The answer must be an exact copy of the lines from the one containing "Slide: The Image" through the last line of the records, with the pictures left out.

Data section start

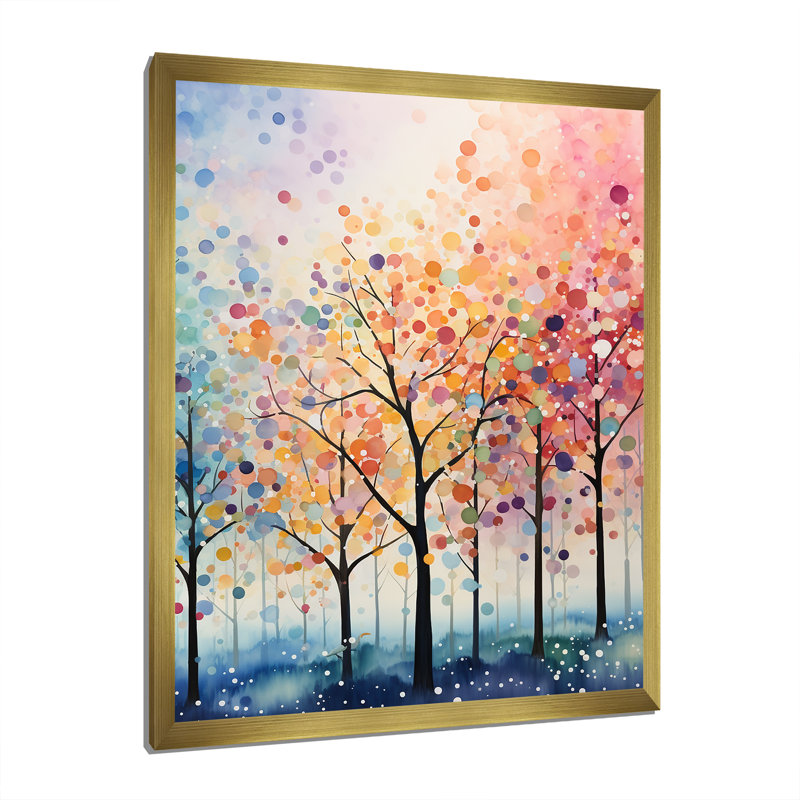 " Trees Field Pointillism Dot ", Gold Picture Framed, 20" H x 12" W x 1" D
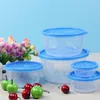 48set 5Pcs/Set Multifunction Transparent Sealed Crisper Set Round Square Plastic Moistureproof Food Storage Box Kitchen Containers ZA0910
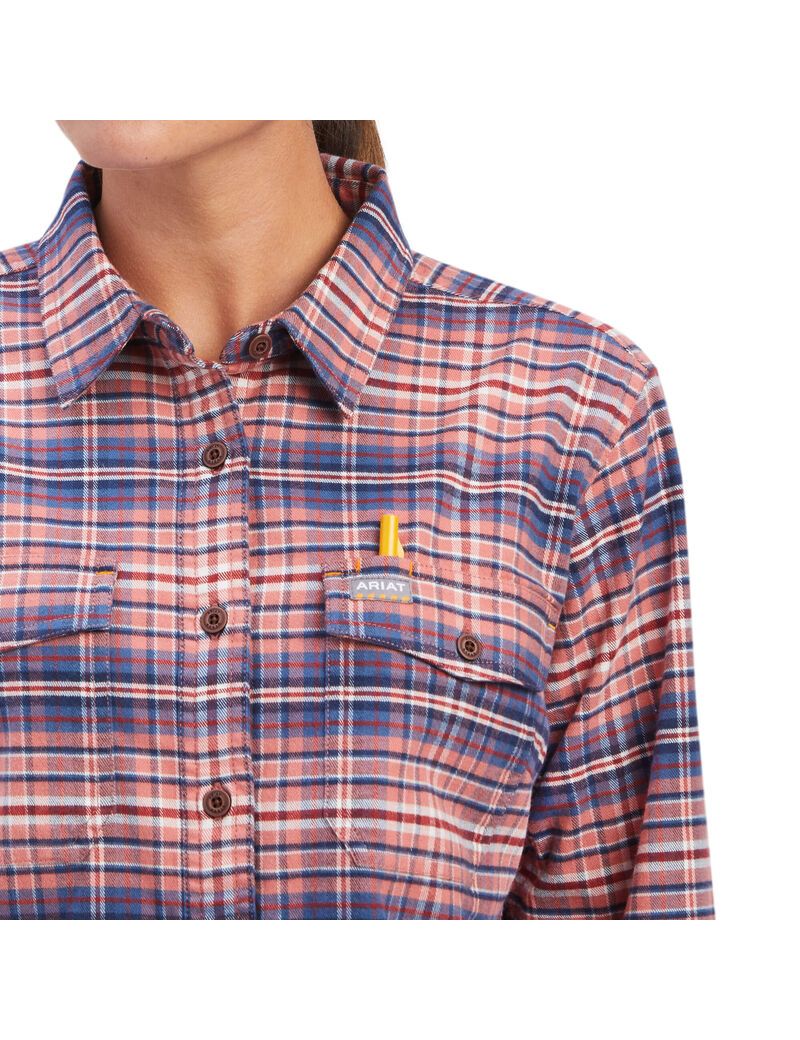 Vêtements De Travail Ariat Rebar Flannel DuraStretch Travail Shirts Rose | IVB-9159859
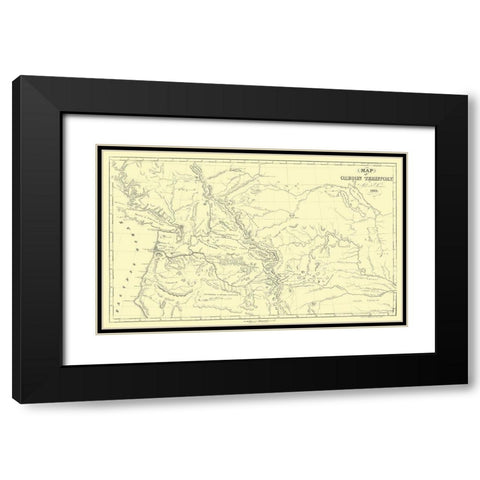 Oregon Territory - Parker 1838 Black Modern Wood Framed Art Print with Double Matting by Parker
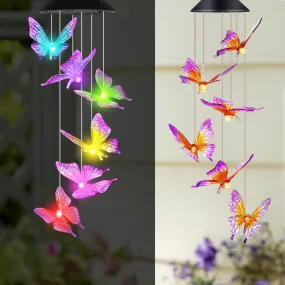 Ekhasa Solar Butterfly Wind Chimes | Solar Powered WindChime for Balcony, Outdoor & Garden Magical Solar Power Positive Vibes WindChimes Lights (Light Colour Changes, No Sound)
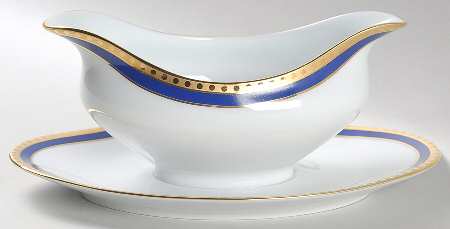 Blue Band Gravy Boat with Attached Underplate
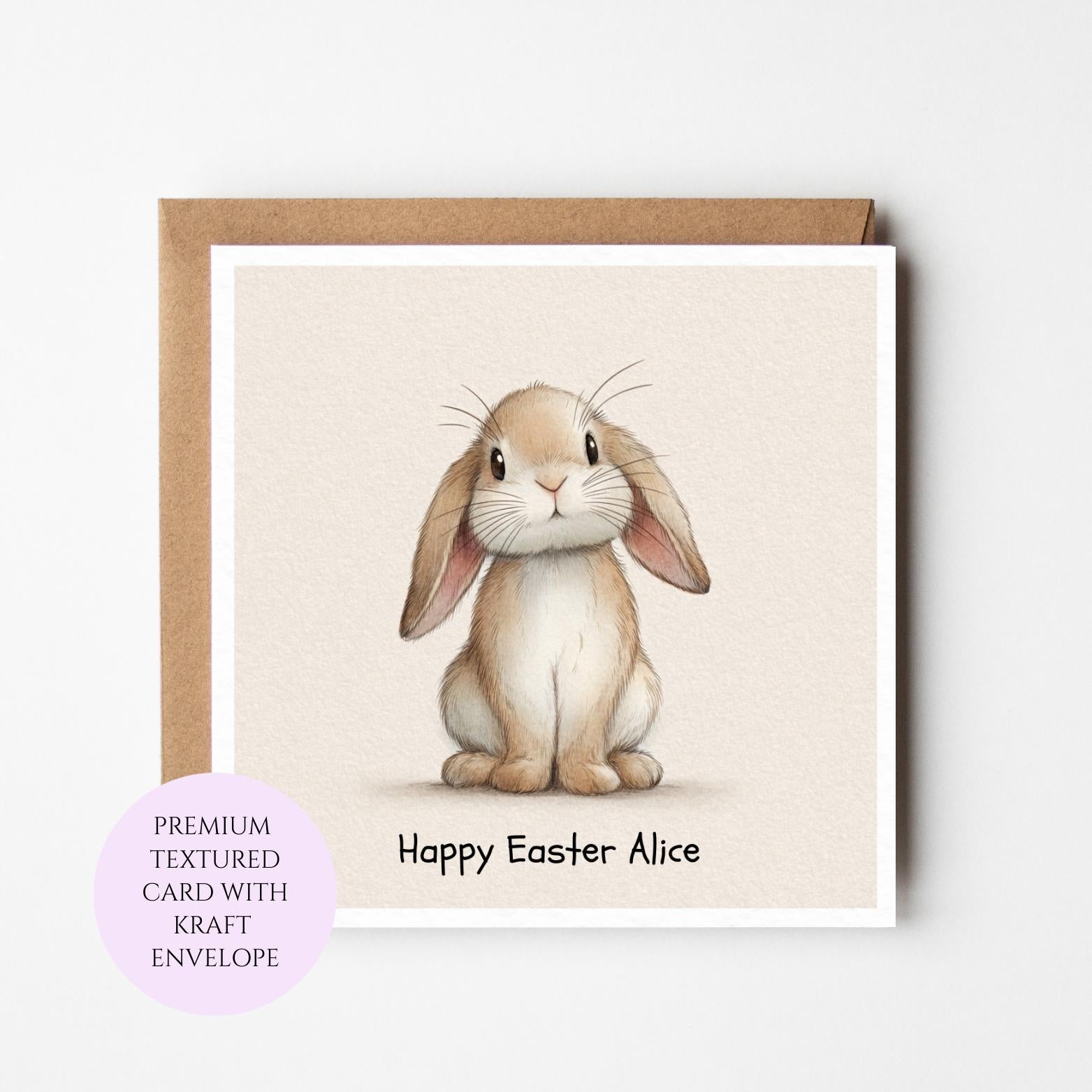 Personalised Bunny Portrait Easter Card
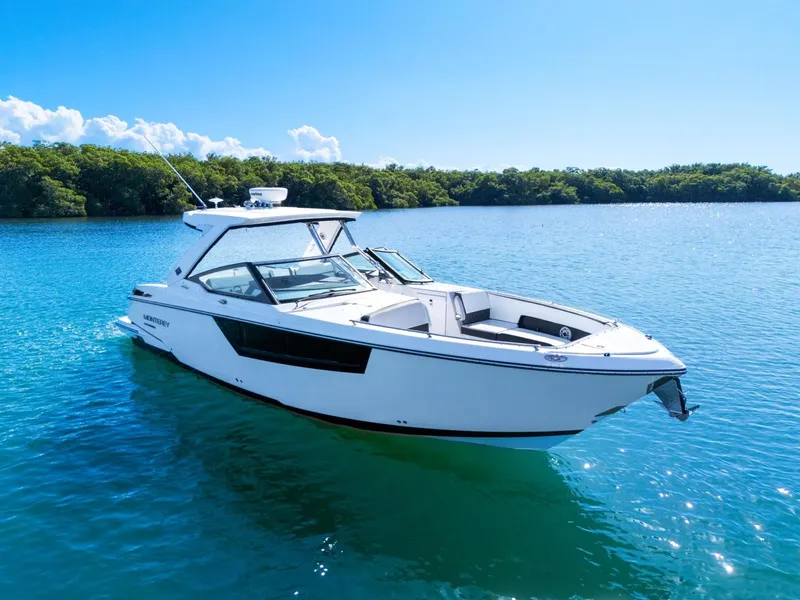 Slide: The Image of Monterey 378 Super Express 2017 on calm water. - 1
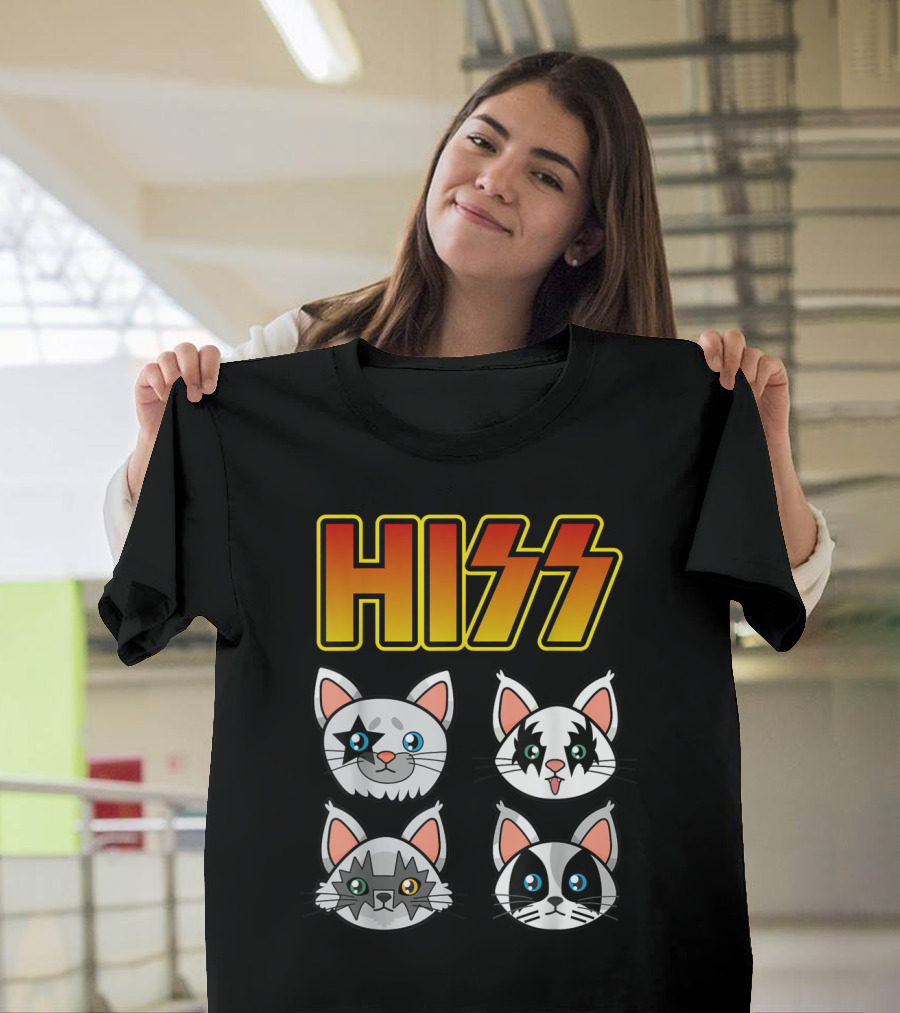 HISS Cat Rock n Roll Band Funny Kitten Faces T-Shirt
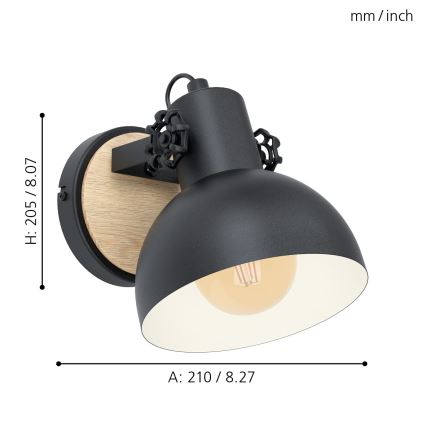 Eglo - Аплик 1xE27/28W/230V - FSC сертифицирано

Data section end

* **Result below**
 Slide: The Image of Monterey 378 Super Express 2017 on calm water. - 1
 HISS Cat Rock n Roll Band Funny Kitten Faces T-Shirt
 Eglo - Аплик 1xE27/28W/230V - FSC сертифицирано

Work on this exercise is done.